Damals hörten Eltern ausschließlich Klassik oder Schlager, allenfalls mal Miles Davis oder die Beatles. Heute sind Eltern zwangsdauerjugendliche Jeans-und-

Lederjackenträger, die Teile ihres Einkommens in Sex-Pistols-Gesamtausgaben investieren. Der Krach ist in der Mitte unserer Gesellschaft angekommen. Eine Entwicklung, auf die „Jugend musiziert“ vorbildlich reagiert. Nicht nur dass die Fachjurys jetzt in Berlin in der Sparte „Populäre Musik“ Solowertungen in den Kategorien „E-Gitarre“, „E-Bass“, „Drums“ und „Vocal“ vornahmen, zum ersten Mal in der 43-jährigen Geschichte des ehrwürdigen Wettbewerbs fand dort auch „DJing“ statt. Darauf läuft die abendländische Musikgeschichte schließlich hinaus: Auflegen als Kunstform. Die beiden DJs unter den 466 Teilnehmern erreichten 23 und 19 von 25 möglichen Punkten.
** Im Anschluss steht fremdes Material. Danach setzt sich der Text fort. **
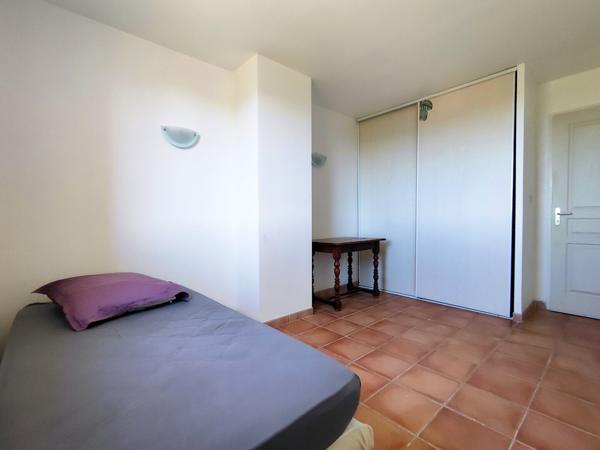 Au nord d'Aix, villa avec studio, jardin, garage et vue 615 000 € H.A.I.*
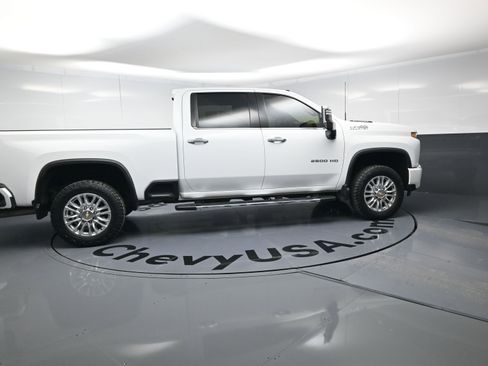 Used 2021 Chevrolet Silverado 2500 High Country image 10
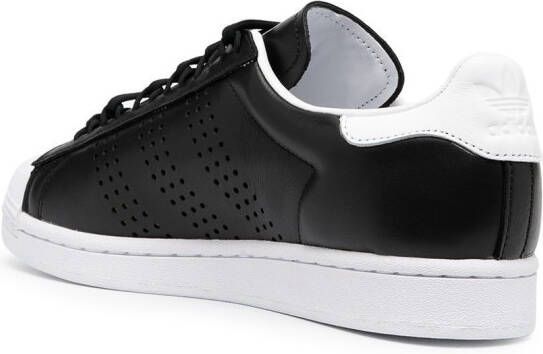 adidas Superstar low-top sneakers Black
Wenn man sich Deutschland als Familie vorstellt, dann ist Horst Köhler der oberste Erziehungsberechtigte. Heute verwandelt sich sein Amtssitz in ein gigantisches Jugendzimmer, der Bundespräsident lädt ein zu „Bellevue unplugged“: Rock’n’Roll zur Wiedereröffnung des frisch durchsanierten Schlosses, allerdings nur unverstärkt. Es spielen der Singer/Songwriter Stefan Stoppok (Hamburg) sowie die Bands Mariannenplatz (Berlin), Keimzeit (Potsdam) und, als Headliner, Juli (Gießen). Deren größter Hit heißt „Geile Zeit“, eine gitarrenumtoste Erinnerung an die Zeit des Großundstarkwerdens. Der Präsident wird vor der Bühne stehen und rufen: lauter!